Posted by: nprev Dec 8 2013, 04:56 PM

It's just not gonna happen. Even if this were possible to do the spacecraft would eventually crash onto Titan, and it's not sterilized to PPP standards.

Cassini's EOM will be very similar to that of Galileo.

Posted by: stevesliva Dec 8 2013, 05:44 PM

QUOTE (Explorer1 @ Dec 7 2013, 10:48 PM) *
though I have vague recollections of some talk early in the mission about the possibility of aerocapture into Titan orbit at the end of the main mission, using the main antenna as a sort of heatshield. Dunno if it was anymore plausible than escaping Saturn for Uranus/Neptune/Centaurs....


I recall there was a serious proposal to send Cassini to Uranus, in that someone who writes papers about that sort of thing had worked out the mechanics of it being possible. Though, in all seriousness, the science lost at Saturn meant that was never going to happen.
http://www.sciencedirect.com/science/article/pii/S009457651200149X
http://arc.aiaa.org/doi/abs/10.2514/1.42893?journalCode=jsr

Posted by: 0101Morpheus Dec 9 2013, 05:16 PM

Uranus does strike me best destination to send Cassini to if that action had been approved. And it is almost tempting visit a planet we haven't been to in 27 years.

The main issue is escaping Saturn's gravity well, which would be really, really, hard. I remember reading somewhere that Cassini might have just enough fuel to do it but it would take several years. So put together several years of doing nothing but burning fuel and doing gravity assists to escape Saturn then fly toward Uranus, which would take considerably longer to get to than Voyager 2 since this is no longer the 1970's. And who knows what condition Cassini would be in when it arrived...yeah. It's better to stay at Saturn.

I am looking forward to riskier maneuvers with the spacecraft, like flying through the ring plane and I would kill to get another flyby of Iapetus, which is IMO the most mysterious of Saturn's moons now.

Figuratively of course.

Posted by: NickF Dec 9 2013, 06:12 PM

The Acta Astronautica paper linked by Steve Silva makes fascinating reading.

The optimal cruise time for a Saturn-Uranus transfer seems to be 26 years, with a Saturn departure date of Feb 8, 2020. 42 years to Neptune, departing Mar 21, 2017. (Worth noting that these are flyby- or impact missions).

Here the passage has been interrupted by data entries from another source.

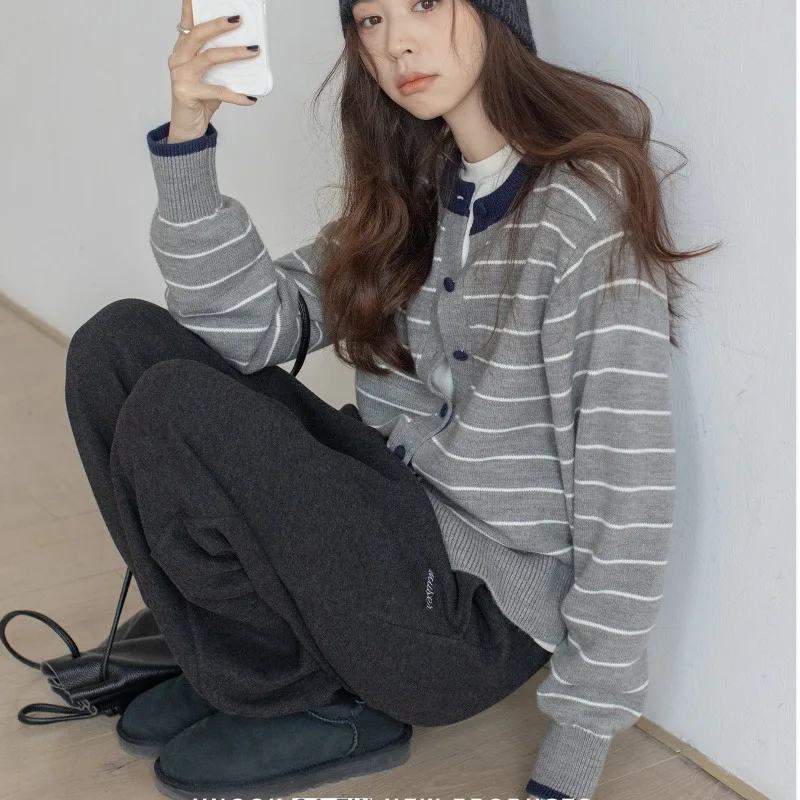 Autumn and Winter New Fashion Women's Clothing Striped Crew Neck Long Sleeved Sweater Elegant and Casual Top Soft Knitwear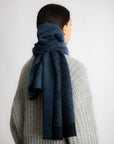 Abstract bouclè yarn scarf with melange effect: Blue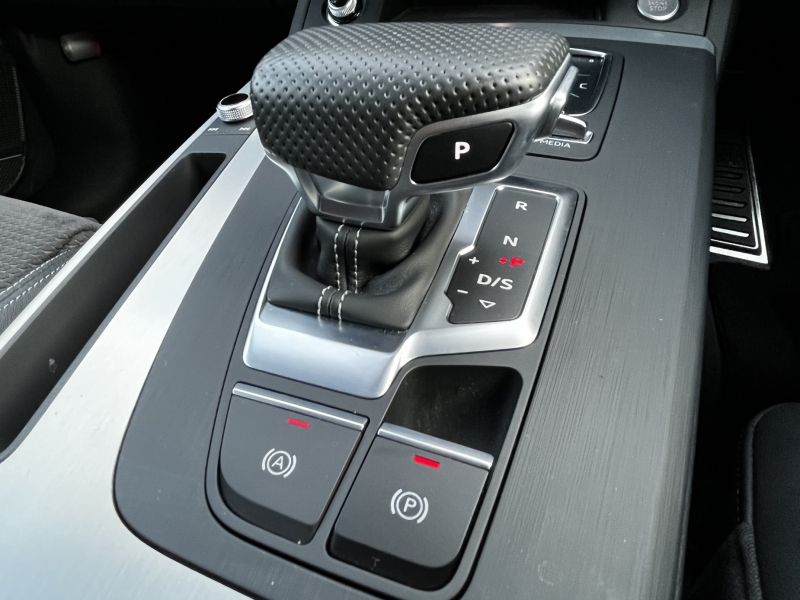 アウディ Q5 中古車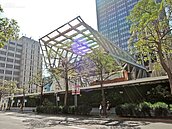 建商購地回神　壽險「獵樓者」卻還在放空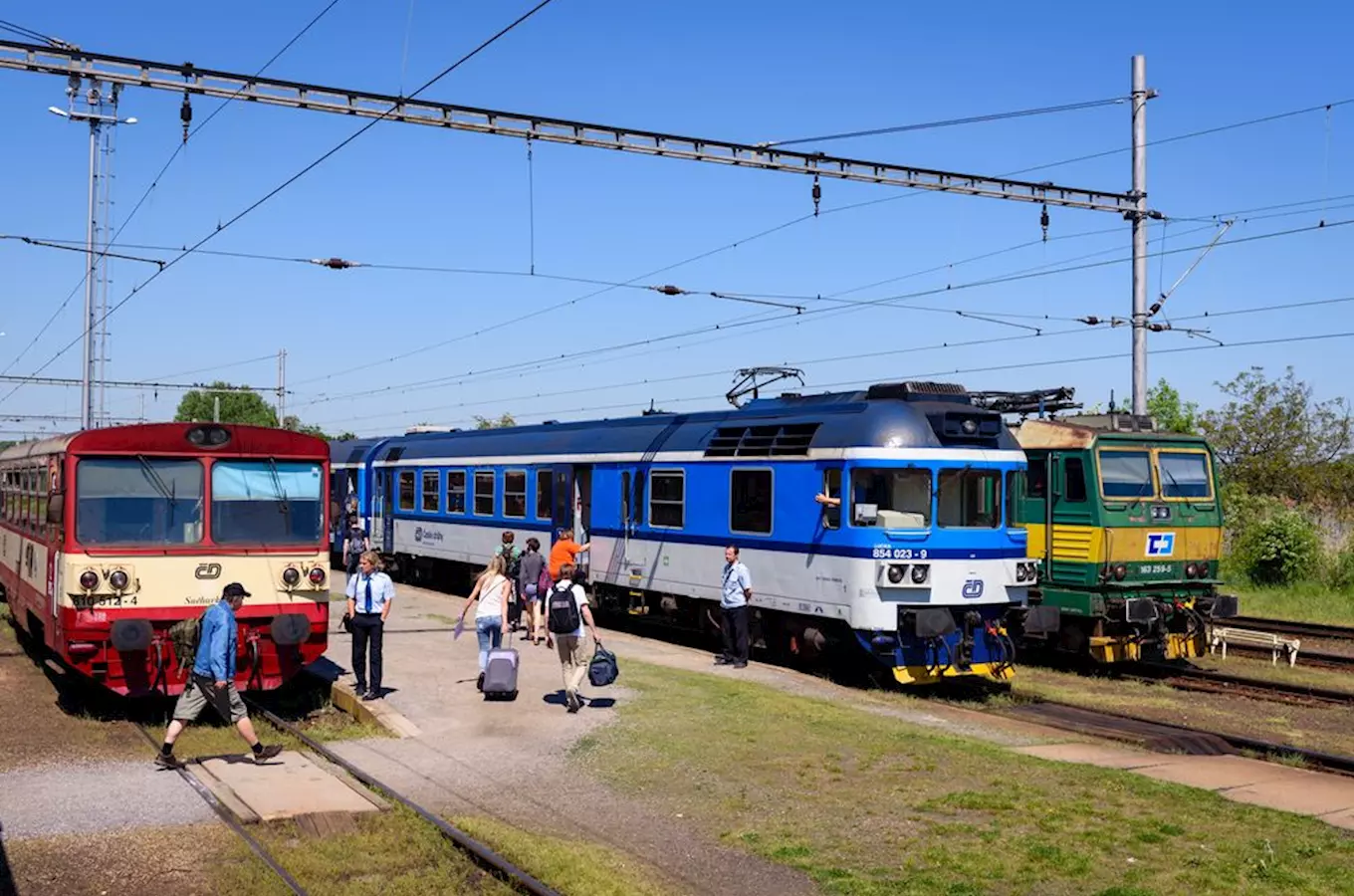 Turistický vlak Český ráj z Prahy do Jičína a Turnova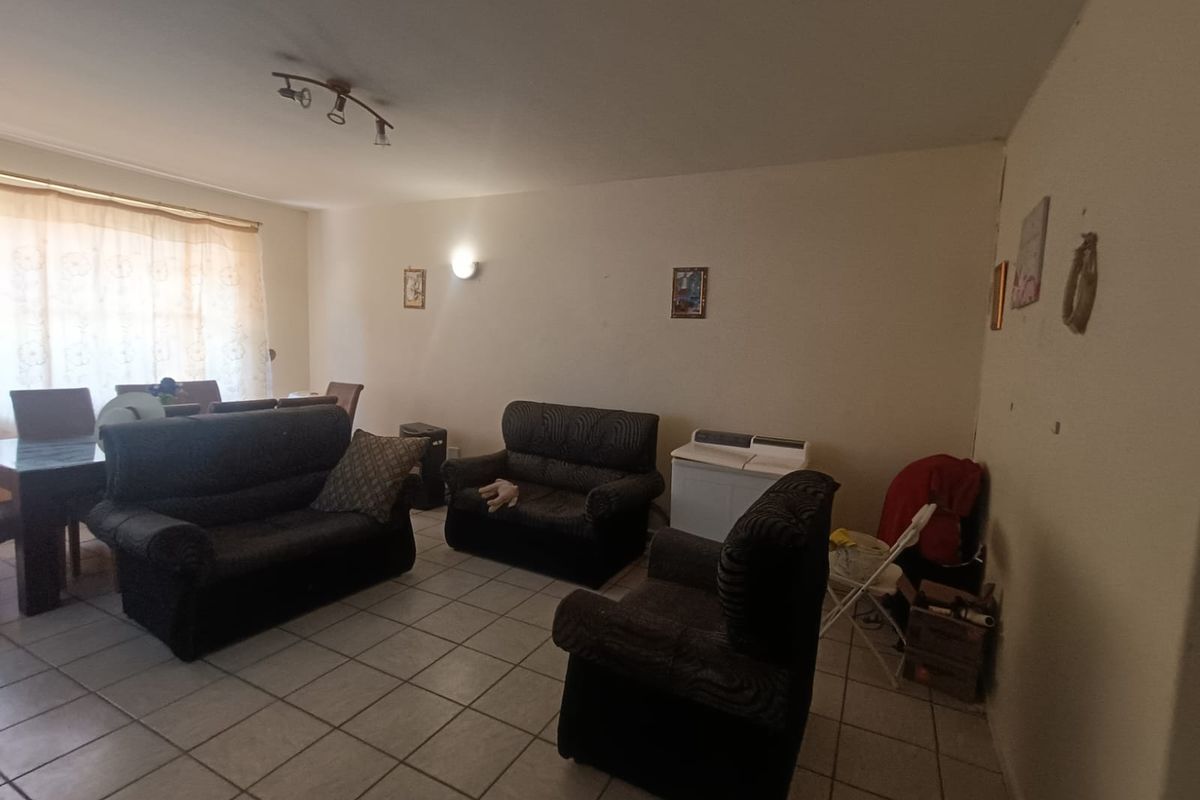 Smart Investment Opportunity – Ground Floor Apartment - Photo 2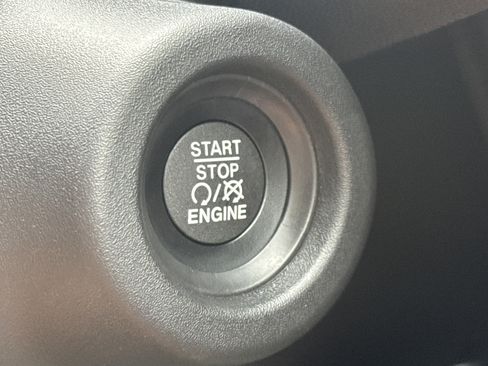 Used 2025 RAM ProMaster 2500 w/ Storage Group image 14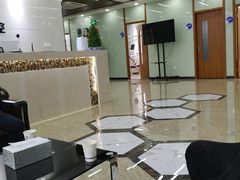 -茂菊口腔连锁(浦东南路店)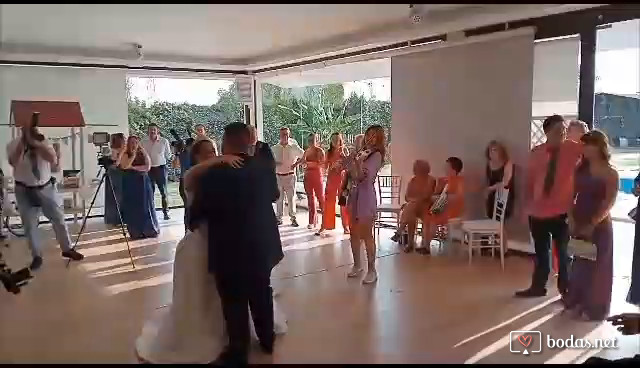 En el banquete, baile de novios 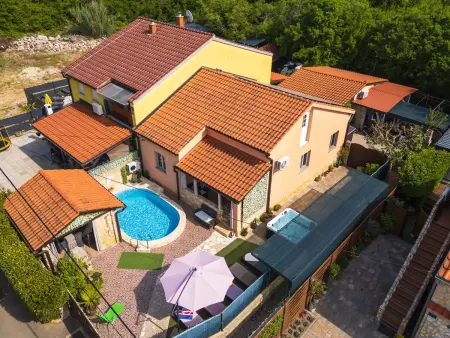 Maison Ana à Malinska, piscine chauffée et mer à 3 km : photo 45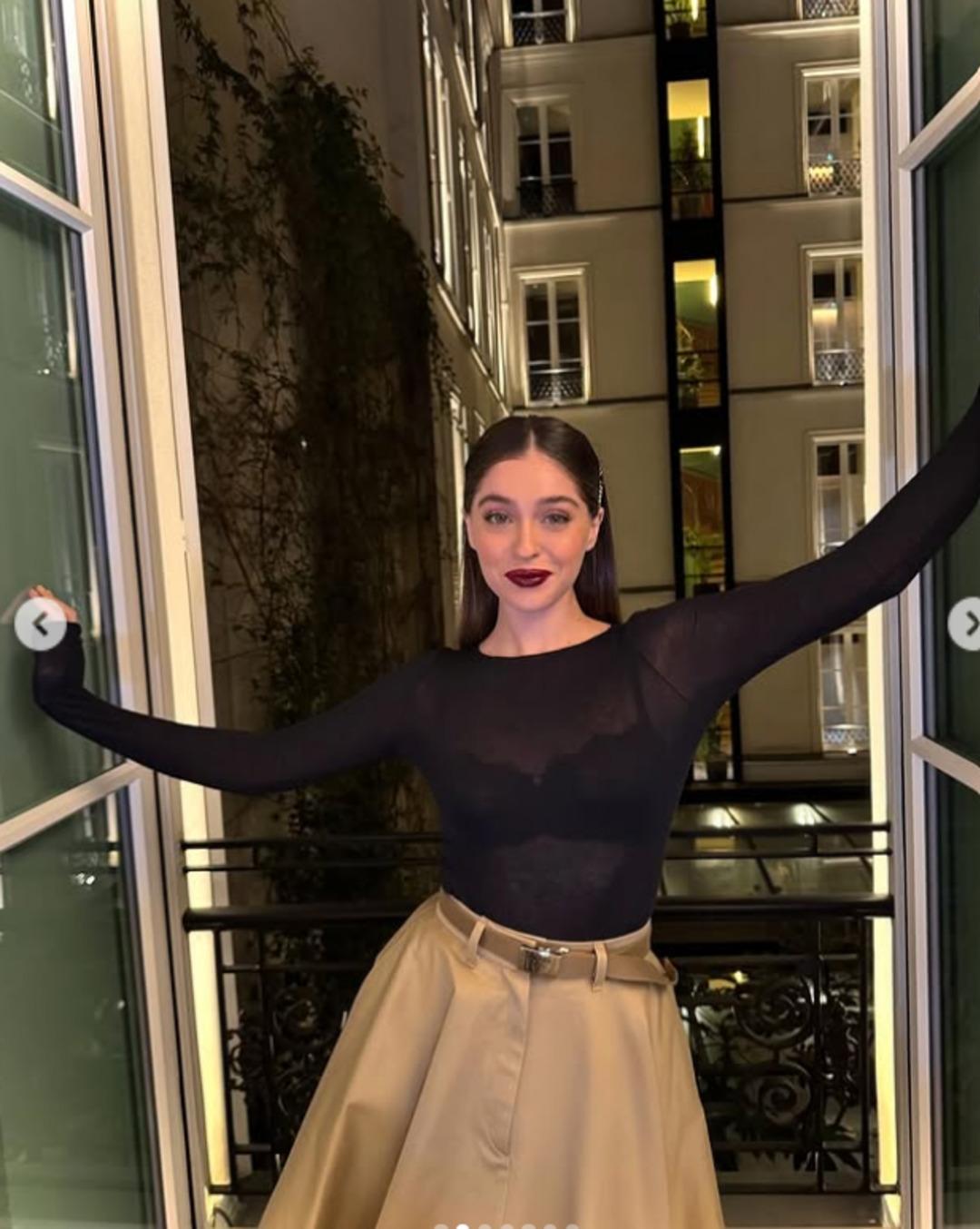 Cemre Baysel ın Paris tarzı! Yine şeffaf yine iddialı: "Çok güzel çok çekici" 3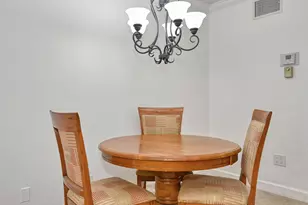 102 Coventry E, West Palm Beach, FL 33417 - Photo 5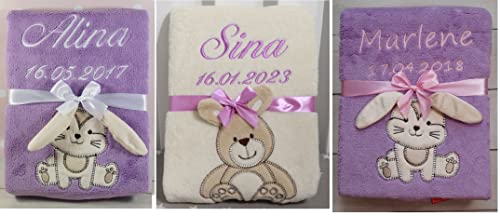 BotoBaby ★ Personalisierte Babydecke mit Namen & Datum Bestickt Geburt, Taufe, Babyshower & mehr ★ 75 x 100 cm ★ (75 x 100 cm + Personalisierung)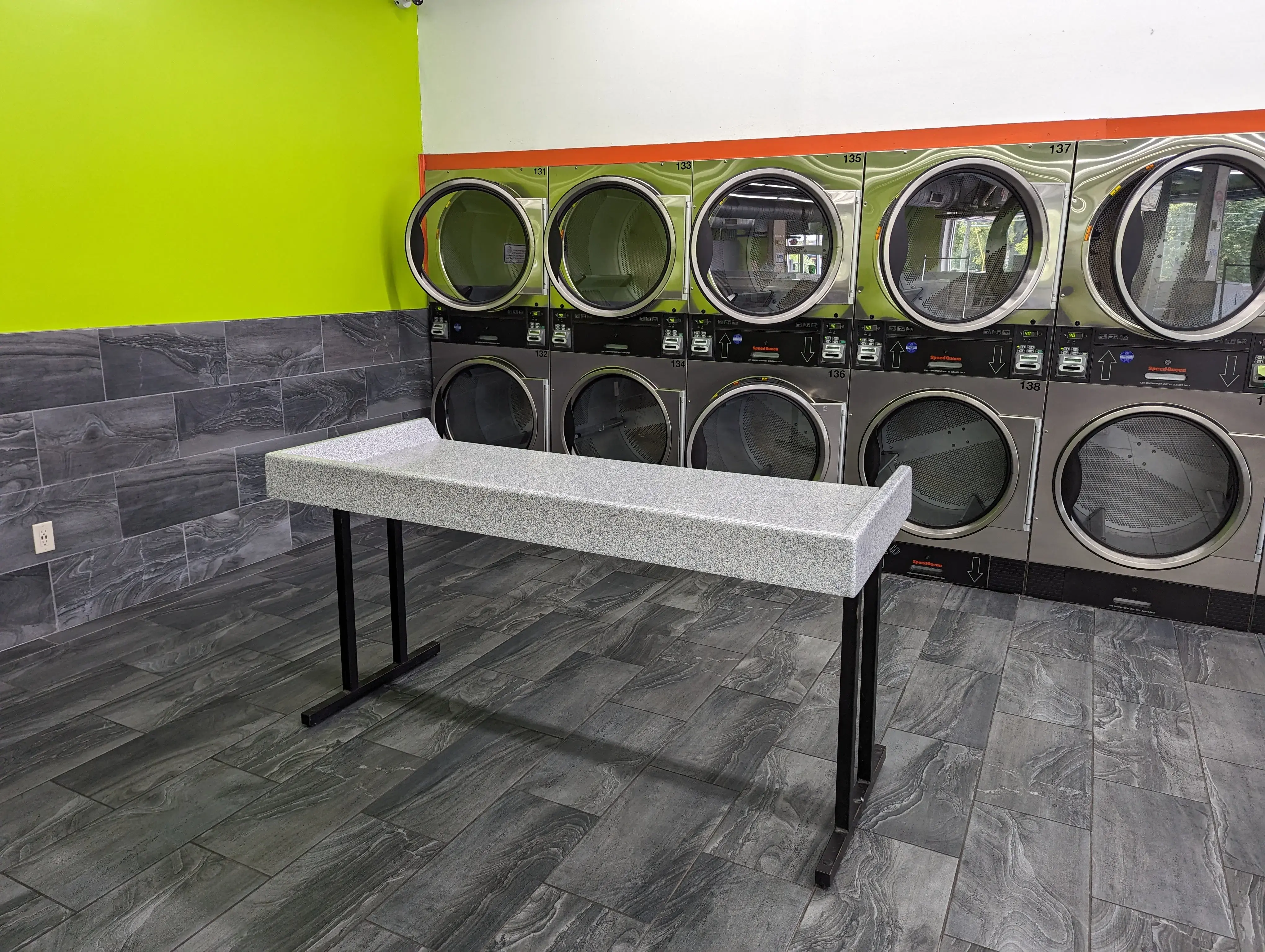 City Limits 24 Hour Laundry - Image 10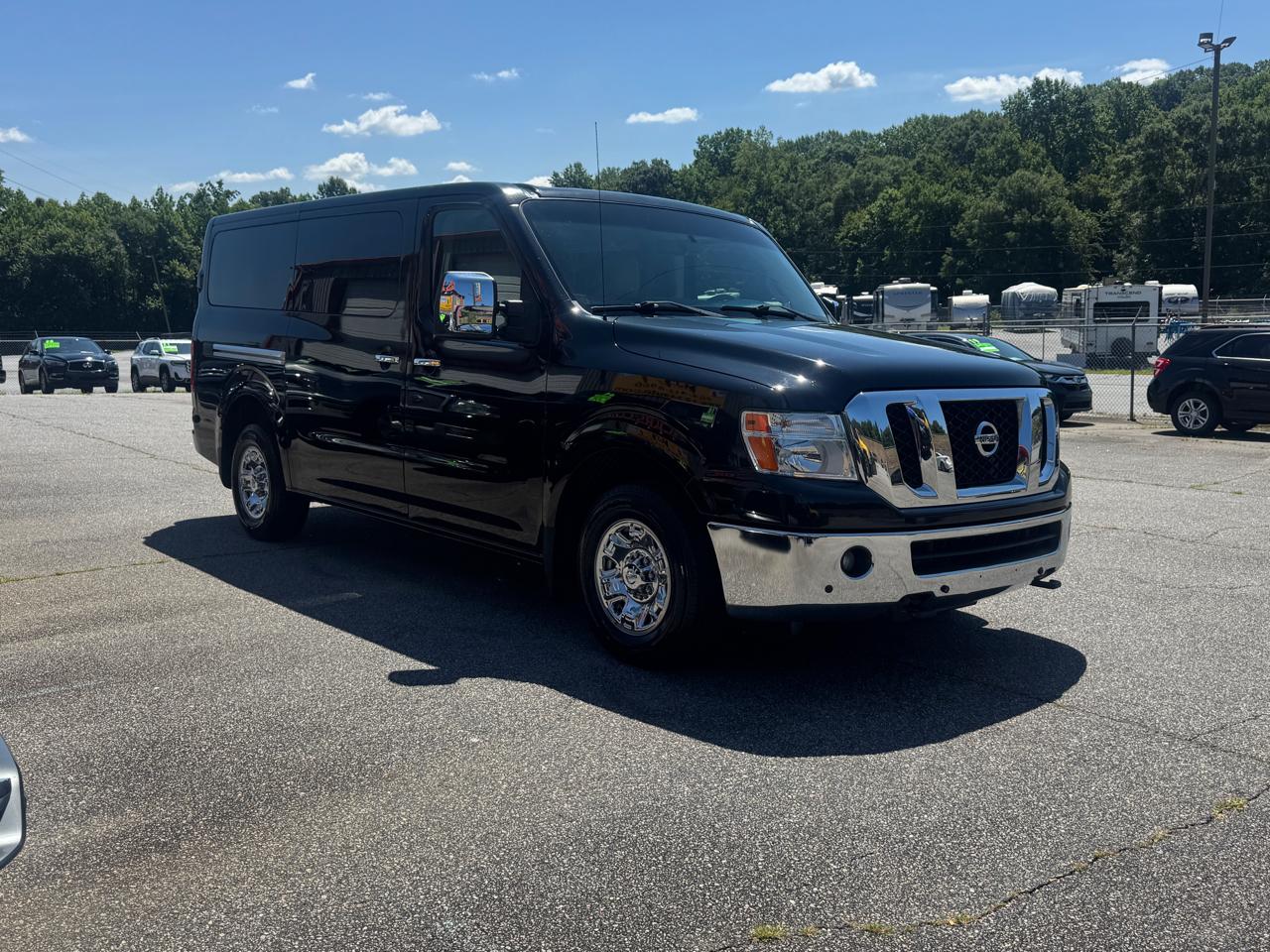 Nissan NV Passenger  2015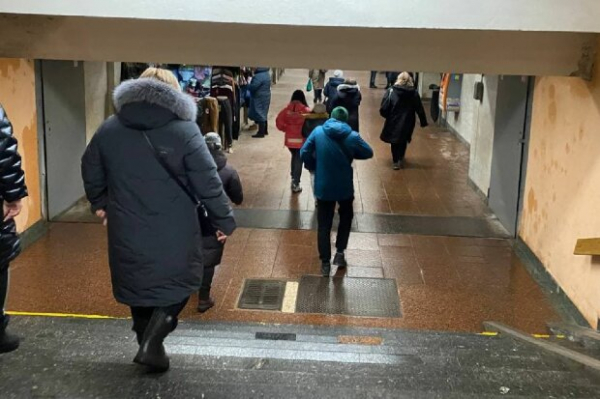 55-летнюю женщину неизвестный столкнул с перрона под поезд метро и убежал: запомните это лицо 55-летнюю женщину неизвестный столкнул с перрона под поезд метро и убежал: запомните это лицо
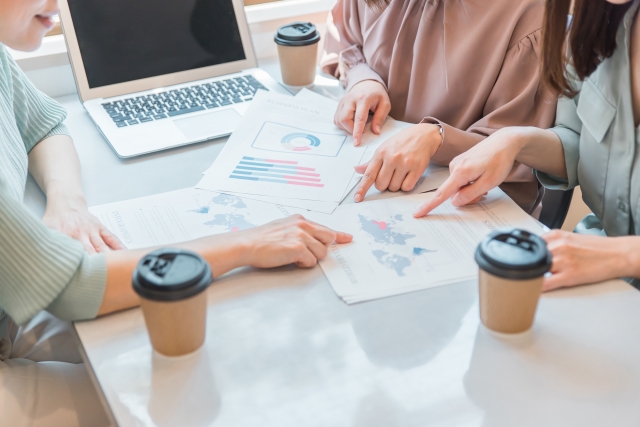 お客様の関心度をデータで分析するシーン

All unlikely to happen, of course, but fun to think about.

Posted by: djellison Dec 9 2013, 06:39 PM

Not unlikley to happen. IMPOSSIBLE. There is no where near enough fuel onboard to even entertain the idea.


Posted by: 0101Morpheus Dec 9 2013, 06:51 PM

Can we settle for a flyby of Iapetus then?

Posted by: Explorer1 Dec 9 2013, 08:08 PM

No; March 2015 is the last distant encounter, at almost a million kilometers!
The mission planners have settled on a plan for the next few years and they're not going to change it without good reason.

Posted by: stevesliva Dec 9 2013, 08:27 PM

QUOTE (Explorer1 @ Dec 9 2013, 03:08 PM) *
The mission planners have settled on a plan for the next few years and they're not going to change it without good reason.


That's what I was trying to get at... the propellant necessary would mean sacrificing an incredible final tour and the proximal orbits--let's not forget that this will be unique for Cassini-- in favor of getting whatever instruments still work to another planet in several decades. For only a fly-by. All that said, neat stuff.

Posted by: Explorer1 Dec 12 2013, 07:58 PM

Back on the topic of radar coverage, here's a new radar map of the north polar seas:
http://photojournal.jpl.nasa.gov/catalog/PIA17655

A few big blank spaces left at around 65 N, 55 W and the pole itself, but if the infrared already shows nothing there, not much point filling them in, is there?

Posted by: elakdawalla Dec 12 2013, 09:10 PM

QUOTE (0101Morpheus @ Dec 9 2013, 10:51 AM) *
Can we settle for a flyby of Iapetus then?

You have no idea how hard they tried to fit another Iapetus flyby into the XXM tour. They wanted it badly, but while they could do lots of amazing things with very limited fuel, another Iapetus flyby would come at too high cost of other great science, so they had to give up the idea.